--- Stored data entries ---
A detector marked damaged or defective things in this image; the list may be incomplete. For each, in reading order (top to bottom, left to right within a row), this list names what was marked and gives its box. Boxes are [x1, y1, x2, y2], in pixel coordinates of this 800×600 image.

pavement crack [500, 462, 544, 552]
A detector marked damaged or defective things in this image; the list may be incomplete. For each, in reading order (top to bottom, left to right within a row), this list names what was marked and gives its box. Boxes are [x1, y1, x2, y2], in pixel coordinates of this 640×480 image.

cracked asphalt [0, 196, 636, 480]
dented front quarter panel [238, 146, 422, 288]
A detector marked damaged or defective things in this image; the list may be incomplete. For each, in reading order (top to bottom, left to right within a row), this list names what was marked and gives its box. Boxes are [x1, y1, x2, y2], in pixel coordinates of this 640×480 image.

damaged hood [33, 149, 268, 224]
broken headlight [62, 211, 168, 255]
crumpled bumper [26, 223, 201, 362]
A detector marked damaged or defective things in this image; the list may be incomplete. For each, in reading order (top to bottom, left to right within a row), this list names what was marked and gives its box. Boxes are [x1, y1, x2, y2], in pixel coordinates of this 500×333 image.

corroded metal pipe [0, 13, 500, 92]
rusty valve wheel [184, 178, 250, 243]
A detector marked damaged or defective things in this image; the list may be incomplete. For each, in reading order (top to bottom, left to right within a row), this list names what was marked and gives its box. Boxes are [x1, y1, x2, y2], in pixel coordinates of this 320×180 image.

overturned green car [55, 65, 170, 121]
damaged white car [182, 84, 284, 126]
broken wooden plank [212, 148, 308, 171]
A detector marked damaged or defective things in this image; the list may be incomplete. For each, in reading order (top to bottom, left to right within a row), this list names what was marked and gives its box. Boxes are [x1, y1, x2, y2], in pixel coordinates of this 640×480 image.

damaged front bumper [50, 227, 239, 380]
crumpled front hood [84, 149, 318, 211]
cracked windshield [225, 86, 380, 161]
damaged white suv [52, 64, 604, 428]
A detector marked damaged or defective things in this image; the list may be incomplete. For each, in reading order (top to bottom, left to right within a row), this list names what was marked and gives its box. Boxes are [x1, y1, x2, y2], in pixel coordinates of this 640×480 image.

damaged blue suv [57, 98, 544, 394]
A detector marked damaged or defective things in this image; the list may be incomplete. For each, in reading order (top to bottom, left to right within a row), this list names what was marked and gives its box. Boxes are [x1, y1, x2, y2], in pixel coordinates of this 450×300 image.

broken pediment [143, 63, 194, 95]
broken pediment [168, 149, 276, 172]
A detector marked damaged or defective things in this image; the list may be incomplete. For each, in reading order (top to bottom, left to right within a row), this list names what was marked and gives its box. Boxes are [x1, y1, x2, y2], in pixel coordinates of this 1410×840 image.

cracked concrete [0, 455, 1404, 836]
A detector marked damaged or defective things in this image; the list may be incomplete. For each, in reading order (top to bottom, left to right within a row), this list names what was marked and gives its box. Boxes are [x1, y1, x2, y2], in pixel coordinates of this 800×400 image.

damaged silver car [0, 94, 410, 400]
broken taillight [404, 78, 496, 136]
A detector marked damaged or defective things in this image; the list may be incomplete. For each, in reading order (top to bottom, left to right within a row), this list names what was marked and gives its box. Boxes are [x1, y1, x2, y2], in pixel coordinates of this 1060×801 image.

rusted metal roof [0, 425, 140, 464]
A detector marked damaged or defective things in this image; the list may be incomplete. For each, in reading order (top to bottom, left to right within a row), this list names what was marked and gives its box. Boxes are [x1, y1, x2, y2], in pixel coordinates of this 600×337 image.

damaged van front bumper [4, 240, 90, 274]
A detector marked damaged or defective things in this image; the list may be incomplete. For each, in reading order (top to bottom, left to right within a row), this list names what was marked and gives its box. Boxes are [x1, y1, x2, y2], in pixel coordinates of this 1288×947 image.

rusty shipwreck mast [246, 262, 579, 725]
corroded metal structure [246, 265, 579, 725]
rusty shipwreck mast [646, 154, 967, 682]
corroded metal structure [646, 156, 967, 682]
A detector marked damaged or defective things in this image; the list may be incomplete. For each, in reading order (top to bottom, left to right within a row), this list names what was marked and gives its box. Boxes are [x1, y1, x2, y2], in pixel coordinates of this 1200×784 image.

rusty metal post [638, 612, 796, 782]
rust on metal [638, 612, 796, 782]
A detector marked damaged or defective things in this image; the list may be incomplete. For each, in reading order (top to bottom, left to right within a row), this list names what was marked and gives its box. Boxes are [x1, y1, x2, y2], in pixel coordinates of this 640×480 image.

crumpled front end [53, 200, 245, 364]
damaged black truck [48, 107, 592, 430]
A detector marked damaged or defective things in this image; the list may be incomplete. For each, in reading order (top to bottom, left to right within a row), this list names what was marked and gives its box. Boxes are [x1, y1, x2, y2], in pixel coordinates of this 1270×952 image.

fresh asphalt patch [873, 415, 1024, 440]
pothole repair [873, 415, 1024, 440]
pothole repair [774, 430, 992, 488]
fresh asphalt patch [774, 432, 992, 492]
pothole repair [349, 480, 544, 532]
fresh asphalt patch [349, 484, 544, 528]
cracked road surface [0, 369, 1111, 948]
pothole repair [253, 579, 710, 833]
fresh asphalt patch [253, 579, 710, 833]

--- What you are asked to do ---
Starting at the line that contains "this 1270×952 image.", print every line through the last one of the records, exactly and with nothing else.

--- Exercise solution ---
A detector marked damaged or defective things in this image; the list may be incomplete. For each, in reading order (top to bottom, left to right within a row), this list names what was marked and gives its box. Boxes are [x1, y1, x2, y2], in pixel coordinates of this 1270×952 image.

fresh asphalt patch [873, 415, 1024, 440]
pothole repair [873, 415, 1024, 440]
pothole repair [774, 430, 992, 488]
fresh asphalt patch [774, 432, 992, 492]
pothole repair [349, 480, 544, 532]
fresh asphalt patch [349, 484, 544, 528]
cracked road surface [0, 369, 1111, 948]
pothole repair [253, 579, 710, 833]
fresh asphalt patch [253, 579, 710, 833]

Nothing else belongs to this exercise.